Ask HN: Is it standard industry practice to be awarded a patent as an employee? - antonius

My brother works at Microsoft and recently one of his projects he worked on with his team got pushed (by senior management) and ultimately accepted as a patent.<p>Is this fairly common in the high-tech industry and do all big companies do this? (Amazon, Apple etc.) Would love to hear some personal feedback&#x2F;stories.
======
nostrademons
Yes. I've got 9 patents pending. The patent system is completely broken, but
it's also pretty lucrative for tech employees and the companies that employee
them.

At any large or mid-size high-tech company, there's usually a team of lawyers
whose job it is to evaluate the work the company is doing and file patents on
anything worth protecting. The bar for what can be patented is quite a bit
lower than what most people expect (rounded corners? really Apple?), and so
the general rule of thumb is "If you don't know for sure of someone who did
the same thing, patent it." The onus is on the patent examiner to prove that
the invention is not inventive, and so from the company perspective it is
better to file everything and let the patent office sort out the mess. (Yes,
this is deeply broken.
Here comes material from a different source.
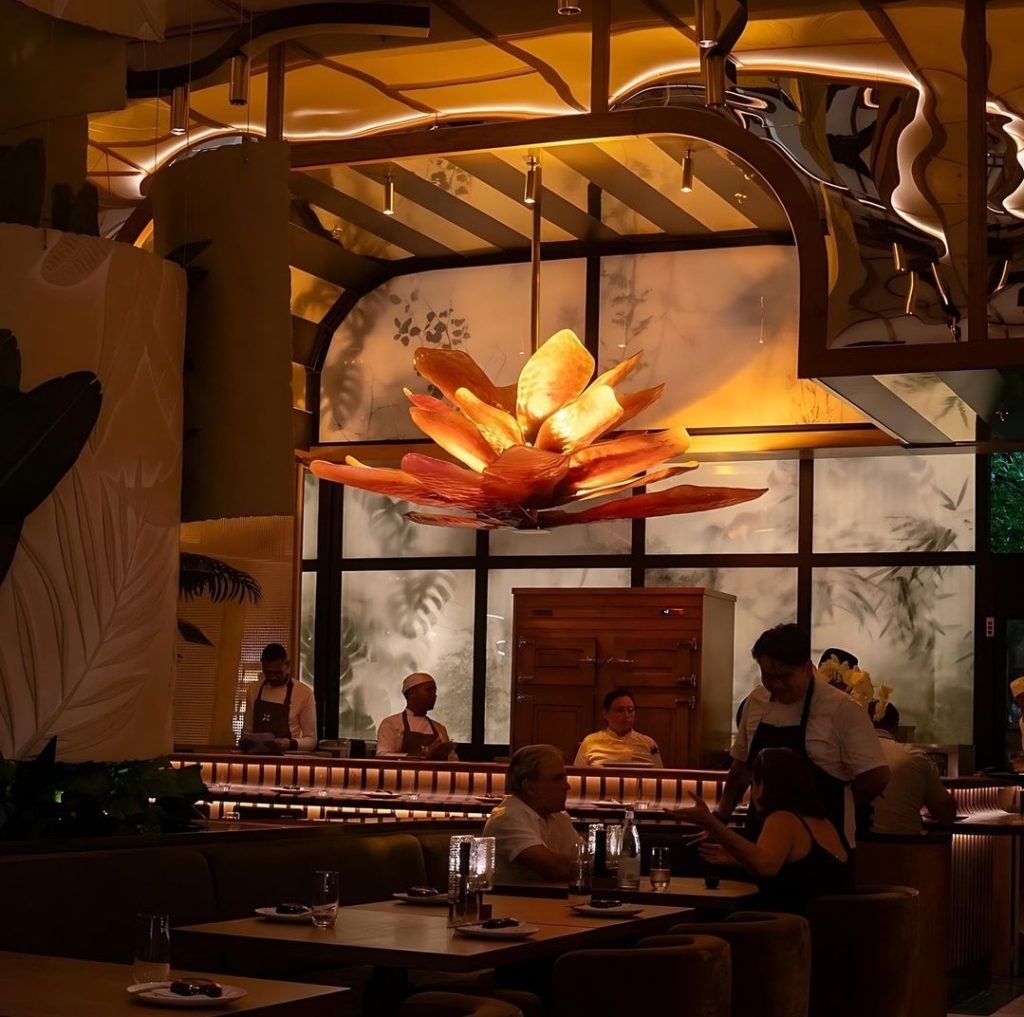 Japonesa Av. Abraham Lincoln, Santo Domingo, República Dominicana 809-373-1356 HORARIOS Lunes a Sábados 12:00 p.m. – 11:00 p.m. Domingo 12:00 p.m. – 6:00 p.m. Makoto Santo Domingo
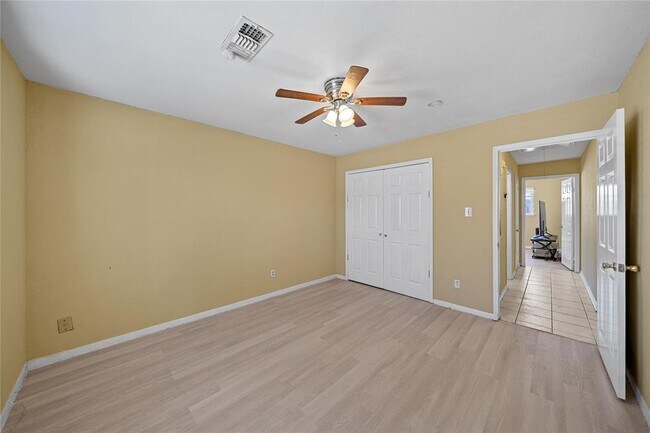 Building Photo - 9746 Seeker St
If you care about fixing it, lobby Washington; the tech
industry is just playing the game as the rules stand now.)

Many big companies give out bonuses for patents. These are usually a small
fraction of the value to the company - judging by recent acquisitions,
companies are valuing patents at close to a million dollars each, and a
typical bonus is only a few $K - but they can be a nice source of extra change
for an engineer. I know of people who've scrounged up the down payment for a
house off their patent bonuses, and I once computed that on an hourly basis
for work expended it works out to a few thousand dollars an hour, which is
better than pretty much any other non-passive source of income.

Having patents on your resume is also a very good source of negotiating
leverage when looking for another job. It's an externally-verifiable
demonstration of innovation, which companies will pay much more for than when
they think all you can do is follow orders.

------
dalke
I assume you mean that your brother is listed as a co-inventor and that
Microsoft is the owner of the patent right. See
[http://www.yale.edu/ocr/pfg/guidelines/patent/inventor_owner...](http://www.yale.edu/ocr/pfg/guidelines/patent/inventor_owner.html)
for details of the differences.

This has been around for a long time. Indeed, there's a roughly similar story
in Feynman's account titled "I Want My Dollar!":

> What had happened was, during the war, at Los Alamos, there was a very nice
> fella in charge of the patent office for the government, named Captain
> Smith. Smith sent around a notice to everybody that said something like, "We
> in the patent office would like to patent every idea you have for the United
> States government, for which you are working now. Any idea you have on
> nuclear energy or its application that you may think everybody knows about,
> everybody doesn't know about: Just come to my office and tell me the idea."

So Feynman pointed out to Smith there are a bunch of ideas and it's crazy to
tell them all. He gives four examples, and leaves.

> About three months later, Smith calls me in the office and says, "Feynman,
> the submarine has already been taken. But the other three are yours."

> ... Anyway, Smith told me to sign some papers for the three ideas I was
> giving to the government to patent. Now, it's some dopey legal thing, but
> when you give the patent to the government, the document you sign is not a
> legal document unless there's some exchange, so the paper I signed said,
> "For the sum of one dollar, I, Richard P. Feynman, give this idea to the
> government . . ."

The rest of the story is about the $1, and how the other scientists, once they
found how easy it was to get a dollar, started sending patent ideas.